Mohon tunggu...
Elang Maulana
Elang Maulana Mohon Tunggu... Petani - Petani
Akun Diblokir

Akun ini diblokir karena melanggar Syarat dan Ketentuan Kompasiana.
Untuk informasi lebih lanjut Anda dapat menghubungi kami melalui fitur bantuan.

Hanya manusia biasa yang mencoba untuk bermanfaat, bagi diri dan orang lain..

Selanjutnya

Tutup

Politik Pilihan

Kilas Balik: Sekelumit Kisah Lengsernya Soeharto dan Lahirnya Reformasi

21 Mei 2020   15:45 Diperbarui: 21 Mei 2020   16:14 278
+
Laporkan Konten
Laporkan Akun
Kompasiana adalah platform blog. Konten ini menjadi tanggung jawab bloger dan tidak mewakili pandangan redaksi Kompas.

HARI ini adalah tanggal 21 Mei, bagi Bangsa dan Negara Indonesia merupakan salah satu tonggak sejarah dalam perjalanan pemerintahan tanah air.

Ya, tepat pada tanggal 21 Mei, tepatnya pada 1998 silam, Bangsa dan Negara Indonesia terlepas dari belenggu orde baru yang dicengkram rezim Soeharto lebih dari 32 tahun lamanya.

Hari ini, 22 tahun silam, Soeharto yang sudah begitu menguasai sel-sel kehidupan di tanah air tak kuasa menahan terpaan badai demonstrasi mahasiswa yang menuntutnya untuk mundur dari kursi presiden. Hingga akhirnya sang pemimpin yang terkenal dengan sebutan bapak pembangunan ini lengser.

Sejak saat itulah Bangsa dan Negara Indonesia masuk pada era baru yaitu era reformasi, yang masih berlangsung hingga saat ini.

Lalu, bagaimana bisa seorang tokoh sentral dan pemimpin maha kuat tanah air ini lengser dari singasana yang sudah diduduki lebih dari 32 tahun?

Kala itu atau sekira awal tahun 1998 kondisi ekonomi Indonesia mulai oleng. Hal ini tak lepas dari pengaruh krisis moneter yang melanda dihampir seluruhi Asia sejak tahun 1997.

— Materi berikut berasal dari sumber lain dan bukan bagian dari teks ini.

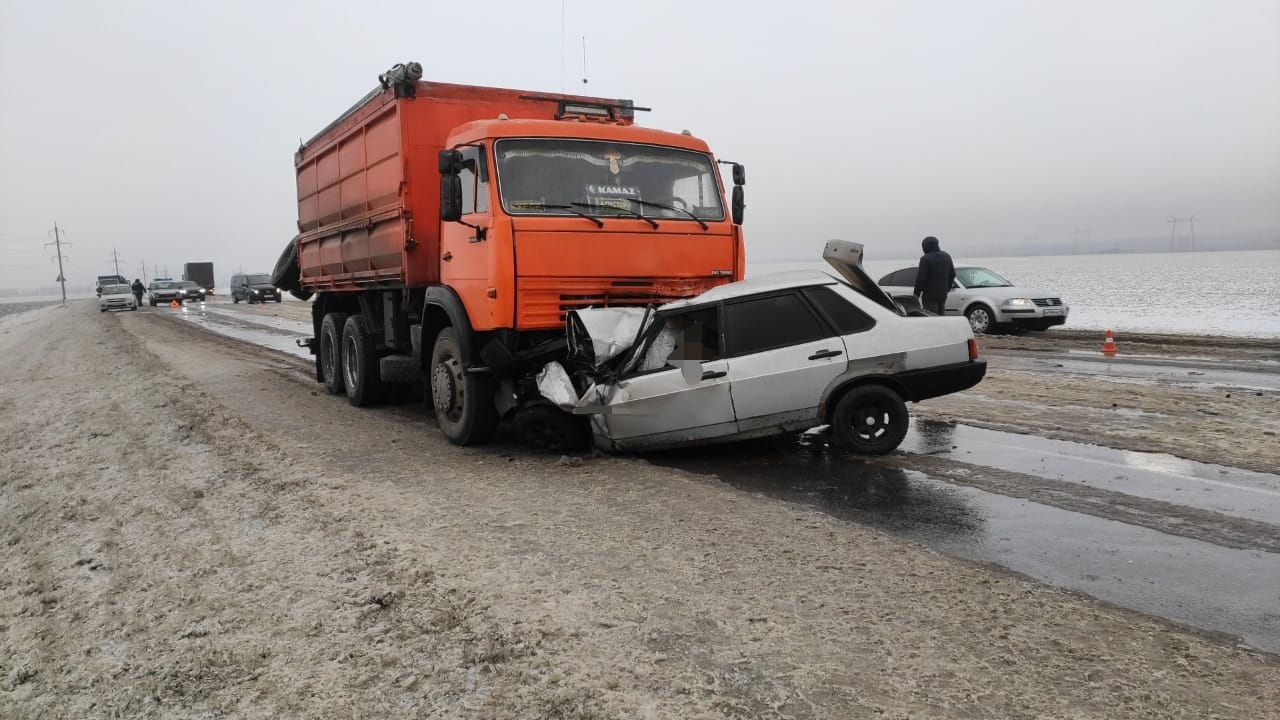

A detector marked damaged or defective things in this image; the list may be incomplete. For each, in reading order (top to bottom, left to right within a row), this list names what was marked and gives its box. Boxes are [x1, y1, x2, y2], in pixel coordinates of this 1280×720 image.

severely damaged car [528, 242, 992, 456]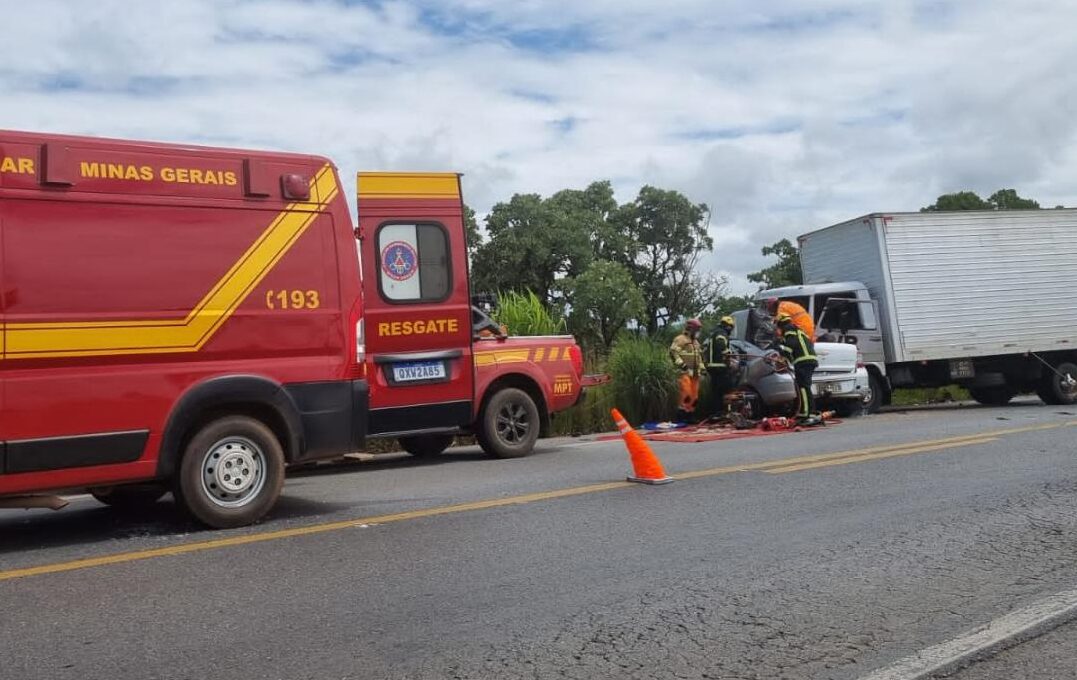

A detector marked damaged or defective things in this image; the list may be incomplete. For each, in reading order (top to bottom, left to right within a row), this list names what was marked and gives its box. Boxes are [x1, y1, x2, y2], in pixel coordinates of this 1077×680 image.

cracked asphalt [2, 400, 1077, 676]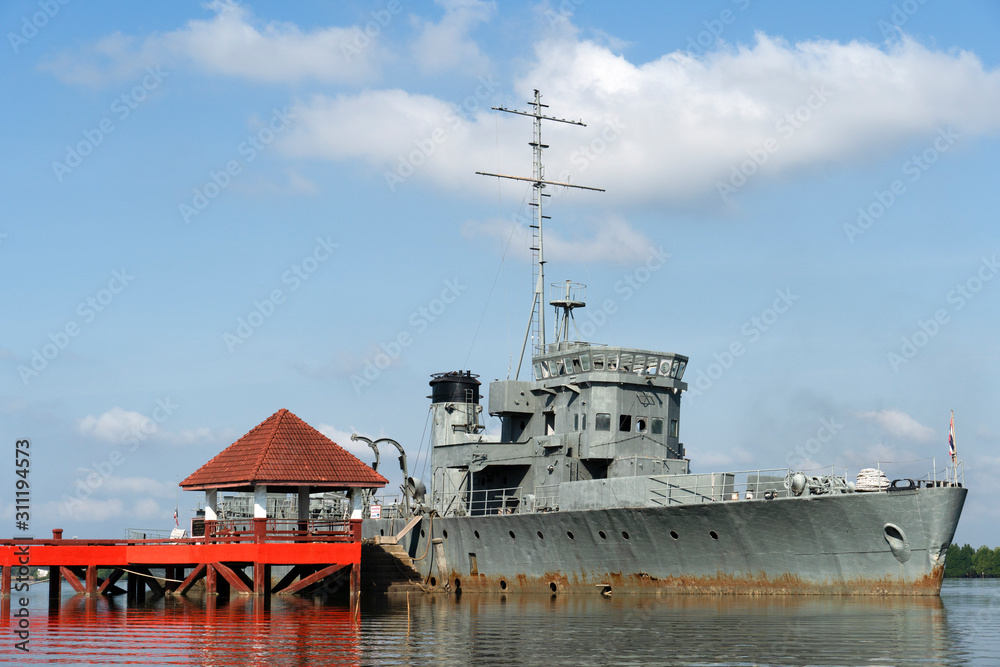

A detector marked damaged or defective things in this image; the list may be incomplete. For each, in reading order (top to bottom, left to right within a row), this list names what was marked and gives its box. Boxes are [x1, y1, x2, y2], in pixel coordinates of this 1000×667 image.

rusty hull streak [430, 560, 944, 596]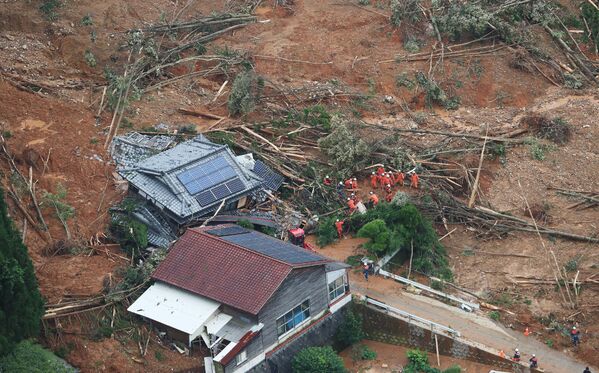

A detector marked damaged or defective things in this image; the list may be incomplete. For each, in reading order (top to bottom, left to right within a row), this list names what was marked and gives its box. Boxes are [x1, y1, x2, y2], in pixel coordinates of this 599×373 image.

damaged roof [117, 134, 282, 224]
damaged roof [152, 224, 332, 314]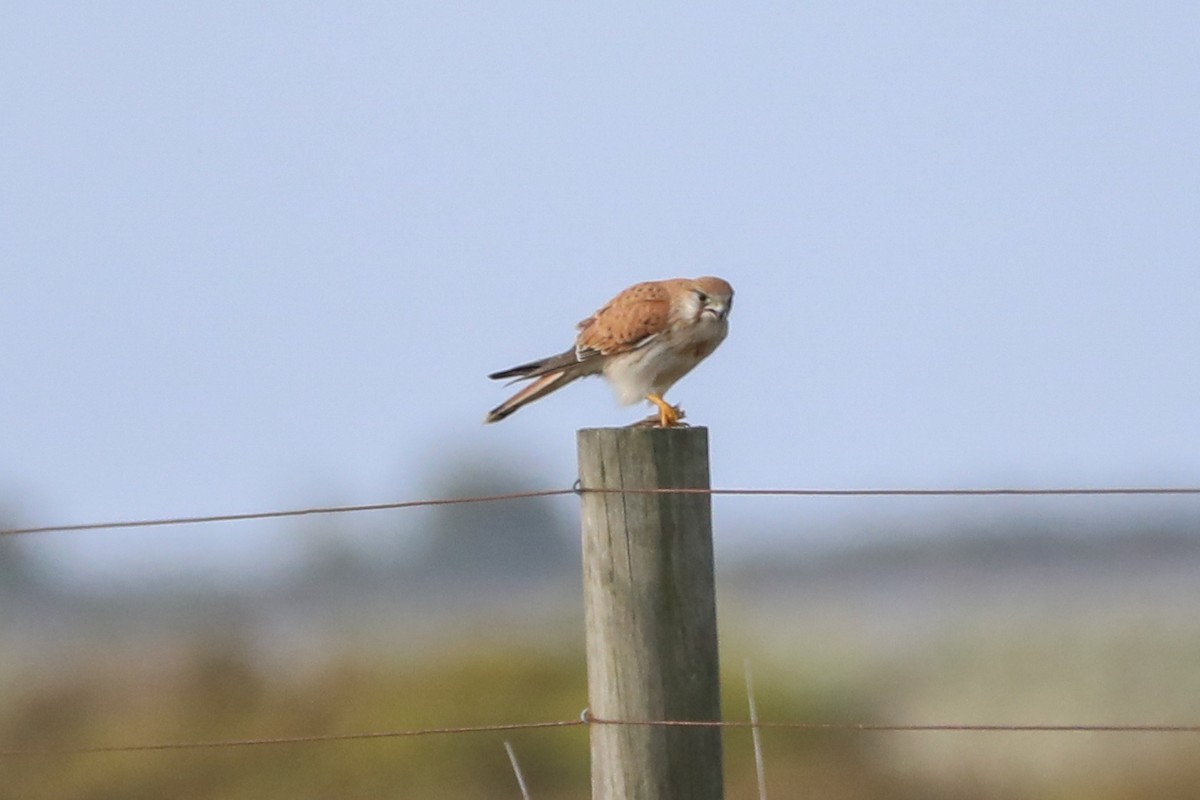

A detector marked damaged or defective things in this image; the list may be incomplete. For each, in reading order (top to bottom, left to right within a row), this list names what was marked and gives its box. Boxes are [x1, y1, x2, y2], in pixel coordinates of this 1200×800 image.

rusty barbed wire [2, 484, 1200, 536]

Dengan dalih kondisi ekonomi tanah air yang cenderung terus memburuk ini menggugah para mahasiswa yang ada di nusantara melakukan aksi demonstrasi besar-besaran ke Gedung DPR RI di Senayan, Jakarta, sekira awal-awal bulan Mei 1998.

Begitu masifnya aksi demo mahasiswa kala itu membuat tim barikade keamanan dari TNI kewalahan dan akhirnya bertindak dengan cara kekerasan dengan cara menembakan peluru ke arah mahasiswa. Akibatnya beberapa orang mahasiswa dari Universitas Trisakti, Jakarta pun meregang nyawa. Peristiwa itu sendiri terjadi pada tanggal 12 Mei 1998.

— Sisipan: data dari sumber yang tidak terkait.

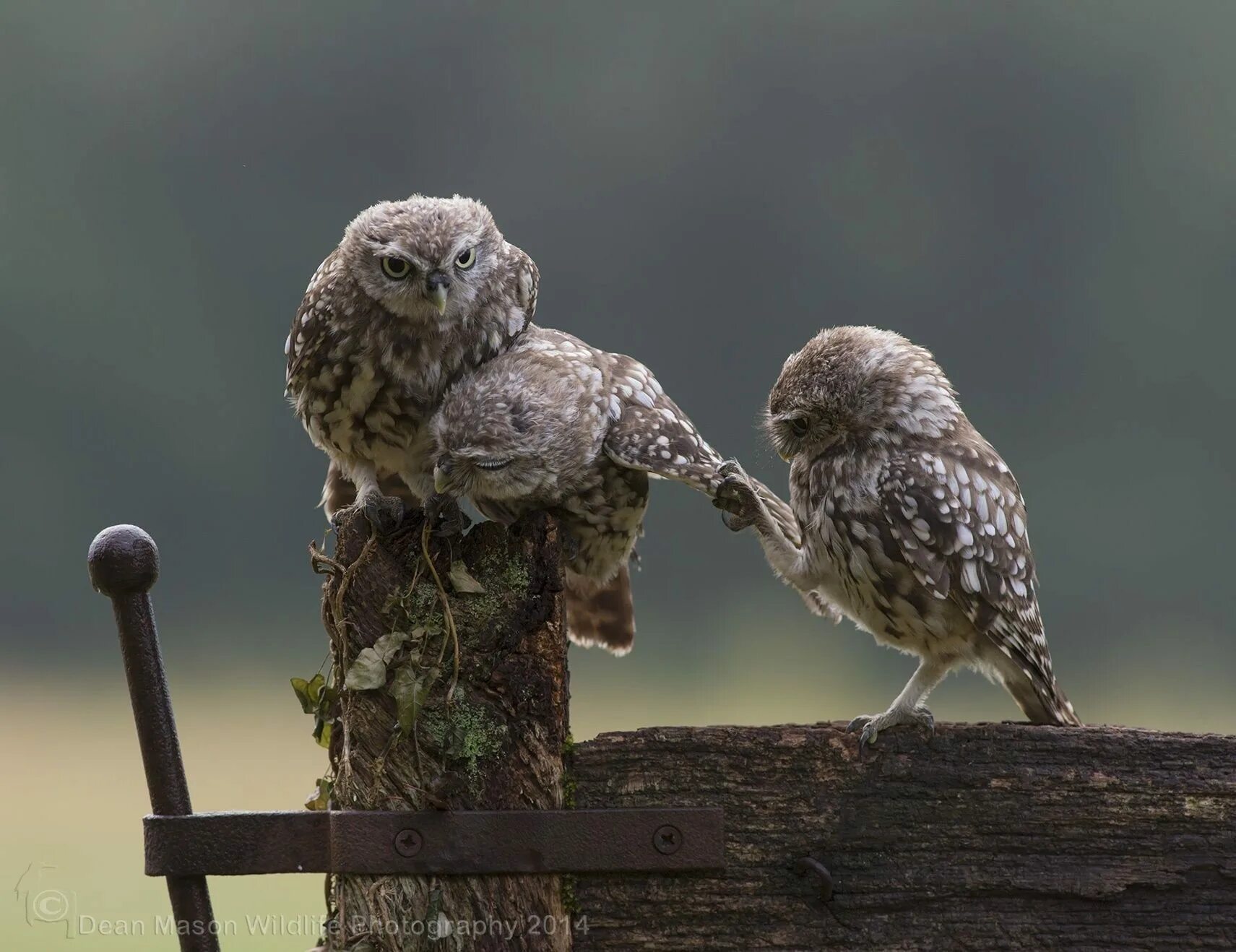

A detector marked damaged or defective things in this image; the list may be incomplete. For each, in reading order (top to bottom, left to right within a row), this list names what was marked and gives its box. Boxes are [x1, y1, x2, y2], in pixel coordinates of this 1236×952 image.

rusty metal bracket [94, 526, 725, 948]
rusty metal bracket [145, 809, 725, 873]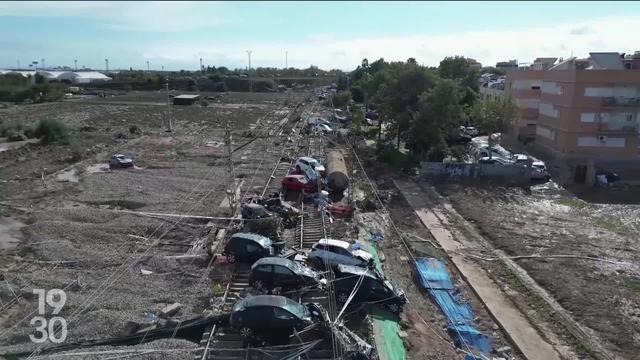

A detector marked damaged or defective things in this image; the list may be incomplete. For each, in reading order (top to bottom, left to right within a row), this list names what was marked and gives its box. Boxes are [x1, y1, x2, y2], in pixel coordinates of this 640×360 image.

damaged vehicle [226, 232, 284, 262]
damaged vehicle [308, 238, 372, 268]
damaged vehicle [248, 256, 322, 292]
damaged vehicle [336, 262, 404, 314]
damaged vehicle [230, 294, 328, 342]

Dengan adanya korban jiwa, sama sekali tidak menyurutkan langkah mahasiswa. Sebaliknya, mereka semakin gencar dengan gelombang massa jauh lebih besar merangsesk ke Ibu kota negara. Sehingga keadaan pun makin tak terkendali. Bahkan, kali ini tidak hanya mahasiswa yang turun ke jalan, tapi masyarakat pun ikut terlibat.

Akibatnya sungguh tragis. Paska terjadinya penembakan terhadap mahasiswa Trisakti, keesokan harinya terjadi kerusuhan luar biasa di ibu kota.

Pada kerusuhan ini banyak toko dan perusahaan dihancurkan dan dijarah oleh amuk massa, terutama milik warga Indonesia keturunan China. Bahkan, kerusuhan ini tidak hanya terjadi di Jakarta, melainkan juga terjadi di beberapa daerah lain. Salah satu diantaranya adalah Medan, Sumatera Utara.

Kerusuhan yang disertai dengan beragam tindakan kriminalitas termasuk penjarahan ini pada akhirnya bisa dilumpuhkan oleh aparat keamanan. Tapi, tidak dengan aksi masa mahasiswa yang terus menuntut reformasi dan Presiden Soeharto untuk mundur dari jabatannya. Bahkan ratusan ribu mahasiswa yang tergabung dari berbagai perguruan tinggi di Indonesia ini mampu menduduki Gedung parlemen.

Gelombang protes dan aksi demo besar-besaran ini rupanya membuat pemerintah, khususnya Presiden Soeharto tak mampu lagi bersikukuh mempertahankan kekuasaannya.

Akhirnya, tepat tanggal 21 Mei 1998, sang rezim memutuskan lengser dari jabatan yang sudah digenggammnya selama lebih 32 tahun.

"Saya memutuskan untuk menyatakan berhenti dari jabatan saya sebagai Presiden RI, terhitung sejak saya bacakan pernyataan ini pada hari ini, Kamis 21 Mei 1998," ujar Soeharto saat membacakan surat pengunduran dirinya. (Tempo.co)

Soeharto menyerahkan tampuk kekuasaan pada wakilnya, yang kala itu dijabat oleh BJ Habibie. Lengsernya Soeharto sekaligus menjadi tonggak lahirnya era baru yaitu reformasi.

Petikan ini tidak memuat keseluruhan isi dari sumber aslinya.